ATJEHDAILY.ID – Prediksi Juventus vs Atalanta, Di tengah kekhawatiran di luar lapangan, Juventus bertujuan untuk menghidupkan kembali harapan Scudetto mereka yang memudar melawan Atalanta BC pada Minggu malam.
Setelah dihancurkan oleh rival gelar Serie A Napoli terakhir kali di liga, Juve sekarang memiliki kemungkinan pengurangan poin; sementara tim tamu mereka baru-baru ini bangkit dengan mencetak 13 gol dalam dua pertandingan.
Mengakhiri tujuh hari penting dalam sinetron yang sedang berlangsung yaitu Juventus Football Club, permintaan jaksa penuntut Italia agar Bianconeri dikurangi sembilan poin di Serie A dibuat pada sidang pada hari Jumat – Juve berada di bawah pengawasan karena beberapa kesepakatan transfer yang dipertanyakan.
Sudah dengan papan baru di tempat, raksasa Turin melakukan perjalanan ke selatan ke Stadio Maradona minggu lalu, mencari kemenangan yang akan menarik mereka ke dalam empat poin dari pemimpin liga Napoli, tetapi kembali dengan tangan kosong setelah 5-1 merendahkan mengakhiri kemenangan beruntun mereka yang luar biasa.

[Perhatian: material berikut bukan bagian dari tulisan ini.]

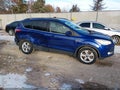 Photo 13 of 16 — 2014 Ford Escape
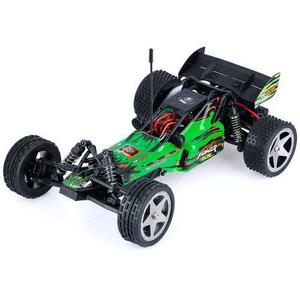 Auto Buggy A Radio Control Remoto Rc Para Chicos Escala 1/12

Kemenangan delapan pertandingan tanpa kebobolan satu gol pun membawa Juve kembali ke perburuan gelar, tetapi pertahanan mereka yang dulu kokoh kini terbuka lagi dan lagi – dengan gol babak pertama Angel Di Maria membuktikan penghiburan yang paling kecil.
Kekalahan terburuk klub dalam kompetisi apa pun selama tiga dekade tentu saja merupakan pukulan pahit bagi harapan Max Allegri akan penantang Scudetto yang tidak terduga, dan sekarang bertahan di empat besar jelas merupakan batas ambisi mereka musim ini.
Ditetapkan untuk memulai kampanye Liga Europa melawan Nantes bulan depan, setelah tersingkir dari Liga Champions di babak penyisihan grup, harapan terbaik pemenang Coppa Italia 14 kali untuk menyelamatkan beberapa trofi dari kampanye sulit lainnya dapat datang di piala.
Juventus lolos ke perempat final Coppa pada pertengahan pekan, dengan bangkit dari ketinggalan untuk mengalahkan Monza 2-1, dengan pahlawan Federico Chiesa yang kembali mencetak gol untuk pertama kalinya dalam beberapa bulan.
Menjelang kunjungan Atalanta ke Stadion Allianz akhir pekan ini, mereka masih menang tanpa kebobolan di masing-masing dari lima pertandingan kandang Serie A terakhir mereka – rekor terbaik mereka sejak 2016 – dan hanya kalah sekali dari 25 pertandingan kandang terakhir mereka melawan tim Bergamo .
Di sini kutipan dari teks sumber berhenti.